The District Poverty Level (DPL)

What it is, how it works, and why it matters to you — wherever you live

The short version:

The District Poverty Level is a single number, calculated each year for your specific Congressional District, that answers one question: how much does it actually cost to meet basic needs where you live? Every federal program in the plans this camapaign is preparing to present uses that number as its baseline. Not a national average that fits no one precisely. Your district’s number.

 

The Problem With How Washington Measures Poverty Now

 

The federal government currently uses one national poverty line to determine who qualifies for assistance, what they pay in taxes, and what federal programs they can access. In 2024, that line was $15,060 per year for a single person.

That number is the same whether you live in rural Mississippi or San Francisco. It does not change based on what rent costs in your neighborhood, what groceries cost at your local store, or what a bus pass or a tank of gas runs in your county.

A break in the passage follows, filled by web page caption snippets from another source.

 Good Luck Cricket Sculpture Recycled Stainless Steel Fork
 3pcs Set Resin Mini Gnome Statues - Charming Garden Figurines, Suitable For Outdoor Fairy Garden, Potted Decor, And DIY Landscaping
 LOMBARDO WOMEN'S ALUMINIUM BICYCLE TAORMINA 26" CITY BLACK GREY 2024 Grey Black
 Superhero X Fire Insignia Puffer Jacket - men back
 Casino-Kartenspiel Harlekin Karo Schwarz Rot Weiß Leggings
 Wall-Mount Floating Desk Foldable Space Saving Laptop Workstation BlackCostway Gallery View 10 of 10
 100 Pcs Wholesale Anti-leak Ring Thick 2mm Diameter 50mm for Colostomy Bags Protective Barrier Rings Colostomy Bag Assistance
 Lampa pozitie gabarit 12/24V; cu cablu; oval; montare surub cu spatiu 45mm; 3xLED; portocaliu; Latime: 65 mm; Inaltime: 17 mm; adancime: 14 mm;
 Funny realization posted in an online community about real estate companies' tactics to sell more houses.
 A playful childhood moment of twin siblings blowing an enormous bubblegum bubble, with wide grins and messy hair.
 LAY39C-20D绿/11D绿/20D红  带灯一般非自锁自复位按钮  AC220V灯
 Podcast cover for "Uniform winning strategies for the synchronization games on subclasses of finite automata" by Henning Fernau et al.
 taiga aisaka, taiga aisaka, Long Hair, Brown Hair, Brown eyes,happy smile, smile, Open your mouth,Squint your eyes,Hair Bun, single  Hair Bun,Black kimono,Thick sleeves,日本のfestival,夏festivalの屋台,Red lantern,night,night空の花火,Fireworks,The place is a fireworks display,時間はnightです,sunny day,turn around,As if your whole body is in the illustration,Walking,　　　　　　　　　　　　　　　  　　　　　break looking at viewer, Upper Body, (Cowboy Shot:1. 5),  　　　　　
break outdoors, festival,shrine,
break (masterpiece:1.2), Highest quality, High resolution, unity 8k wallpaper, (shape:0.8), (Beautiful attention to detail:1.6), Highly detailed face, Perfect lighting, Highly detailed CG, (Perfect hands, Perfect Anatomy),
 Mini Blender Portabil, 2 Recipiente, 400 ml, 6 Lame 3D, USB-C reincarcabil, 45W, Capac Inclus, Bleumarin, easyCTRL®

The result is a system that routinely declares people “not poor” while they cannot cover their bills — and simultaneously declares people “poor” in places where $15,000 actually does cover basic needs. Both errors cause real harm: people who need help don’t get it, and resources flow imprecisely.

A concrete example:

A single working adult earning $18,000 a year is above the federal poverty line everywhere in the country. In a rural district in the South, that income may be genuinely sufficient for basics. In a major metro area, $18,000 does not cover rent alone in most neighborhoods. The current system treats these two people identically. The DPL does not.

 

What the DPL Is

 

The District Poverty Level is the minimum annual income a household requires to meet basic needs in a specific Congressional District. It is calculated separately for every district in the country — all 435 of them — and updated every year.

Basic needs means exactly that. Not comfort. Not luxury. The floor:

Need

What the calculation includes

Housing

Median fair-market rent for the district, as published by HUD. Homeowners use an equivalent cost-of-shelter figure.

Food

USDA Thrifty Food Plan cost for the district, adjusted for local grocery prices.

Transportation

Cost of the most common mode of transportation in the district — bus pass, car ownership, or both where both are necessary.

Healthcare

Out-of-pocket healthcare baseline before any federal coverage applies.

Utilities

Average cost of electricity, heat, and water for the district, drawn from regional utility benchmarks.

Childcare

Included at the household level for households with children below school age.

 

The DPL publishes separate figures for different household sizes: one person, two people, and four people, with a scaling formula for households larger than four. The number that applies to you depends on your district and your household size.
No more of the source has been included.